# Your assignment
Once the pictures are set aside, transcribe each line of the listing exactly.

** Records for the task follows **

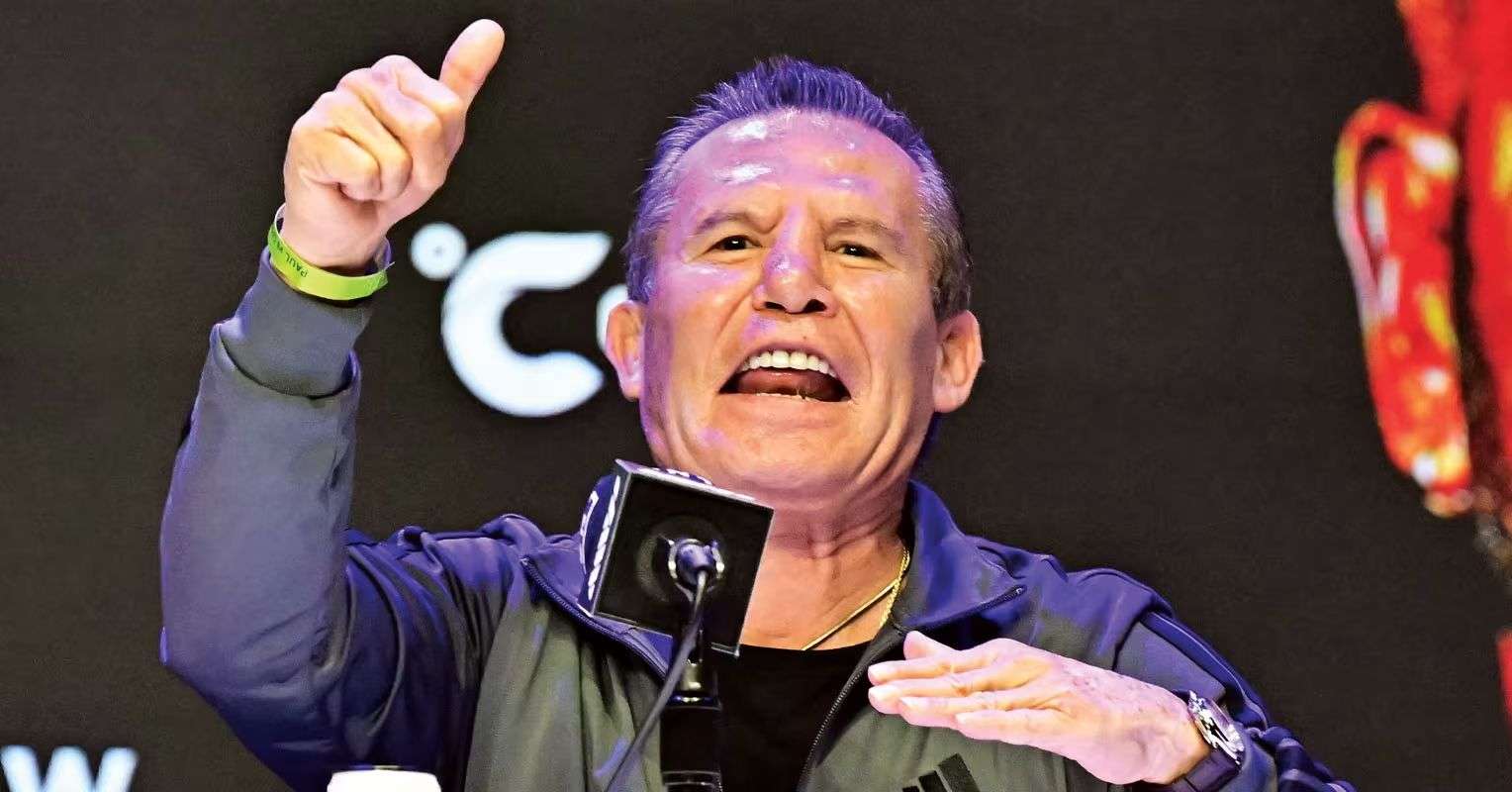 Julio Cesar Chavez says one fighter’s punch felt like ‘a bat’: “He was the hardest in 115 fights”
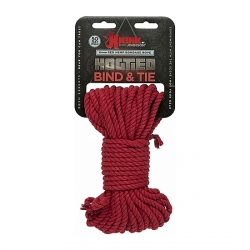 KINK CUERDA DE BONDAGE HEMP 914X0,6CM - ROJO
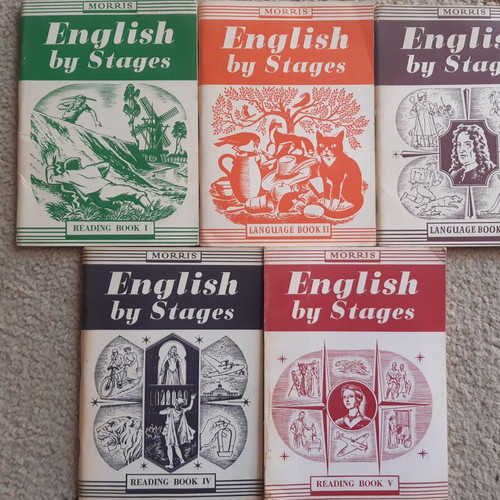 English by stages used English learning books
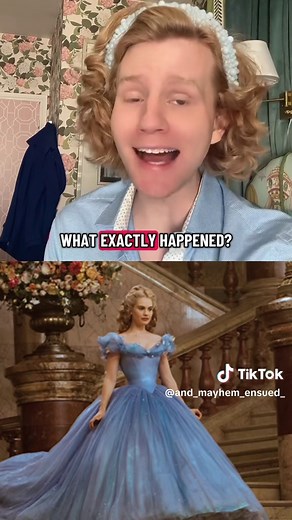 I’m fully convinced that Belle’s dress in the live action Beauty and the Beast was a turning point for Disney… and not in a good way. Because here’s the thing — the live action remakes didn’t always feel this soulless. Cinderella? Stunning. The costumes were pure magic, actual artistry, something that felt intentional and elevated. But then Belle walked down those stairs in that dress… and the reaction was loud. And instead of Disney taking that as a note to push further into bold, thoughtful de
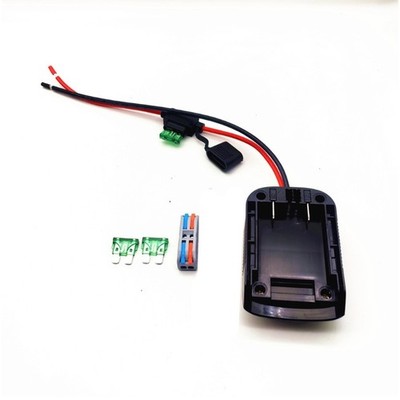 High Efficiency 12AWG Battery Power Converters for 14.4V 18V 20V Tool Batteries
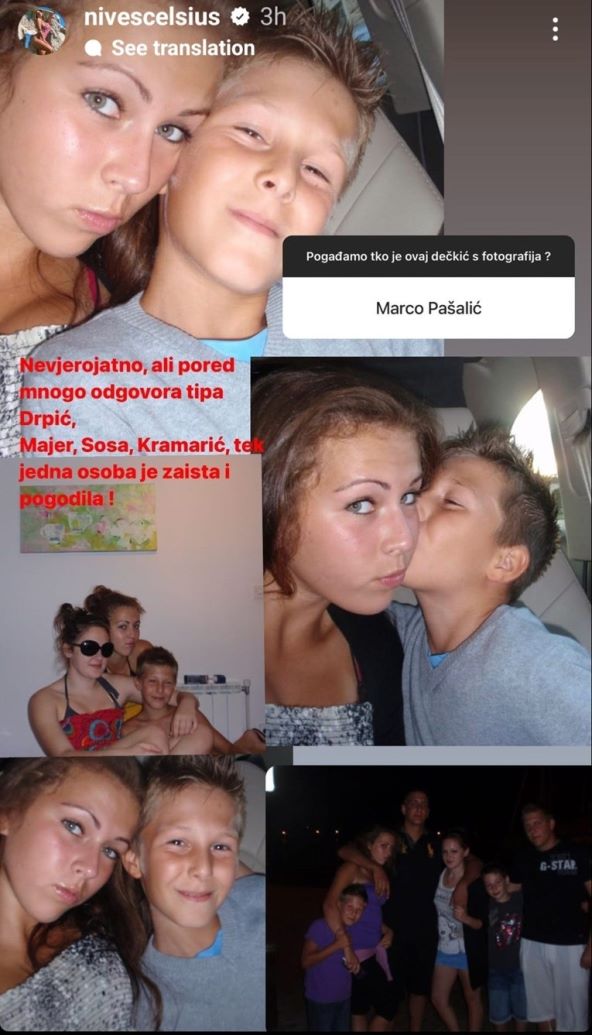 Nives Celzijus i Marco Pašalić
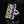 Load image into Gallery viewer, Vintage Amethyst Peridot Sterling Silver Statement Ring
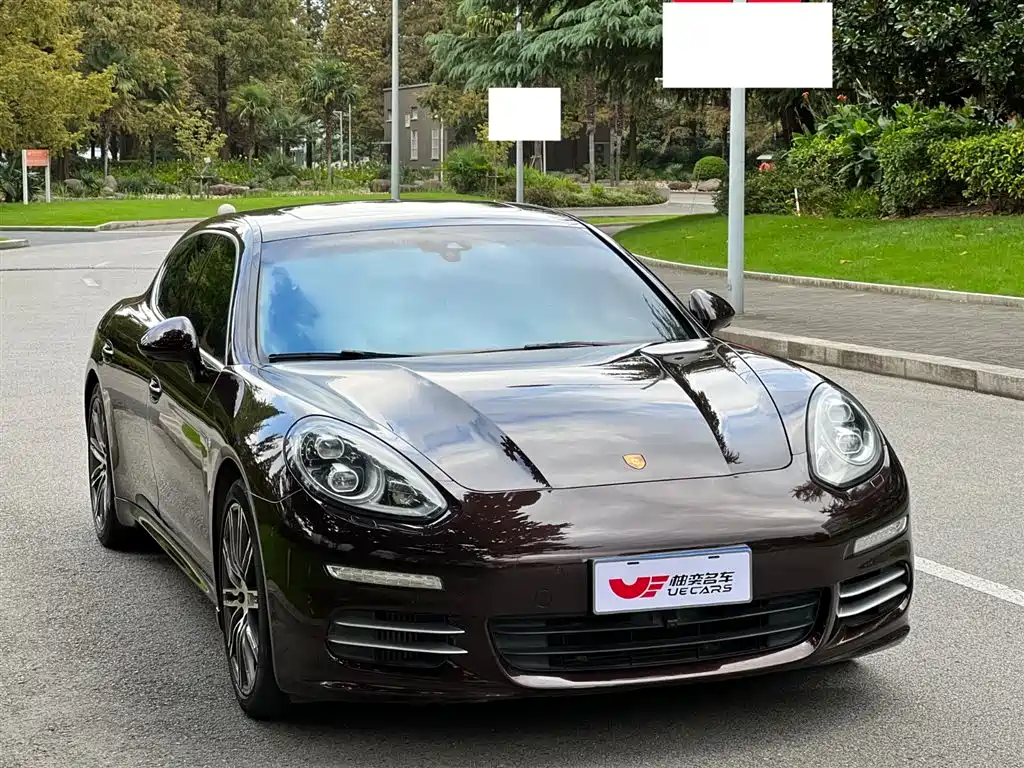 Porsche Panamera 2014 Panamera 4 Executive 3.0T фото 3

** End of Records for the task **

# Expected output
 Julio Cesar Chavez says one fighter’s punch felt like ‘a bat’: “He was the hardest in 115 fights”
 KINK CUERDA DE BONDAGE HEMP 914X0,6CM - ROJO
 English by stages used English learning books
 I’m fully convinced that Belle’s dress in the live action Beauty and the Beast was a turning point for Disney… and not in a good way. Because here’s the thing — the live action remakes didn’t always feel this soulless. Cinderella? Stunning. The costumes were pure magic, actual artistry, something that felt intentional and elevated. But then Belle walked down those stairs in that dress… and the reaction was loud. And instead of Disney taking that as a note to push further into bold, thoughtful de
 High Efficiency 12AWG Battery Power Converters for 14.4V 18V 20V Tool Batteries
 Nives Celzijus i Marco Pašalić
 Load image into Gallery viewer, Vintage Amethyst Peridot Sterling Silver Statement Ring
 Porsche Panamera 2014 Panamera 4 Executive 3.0T фото 3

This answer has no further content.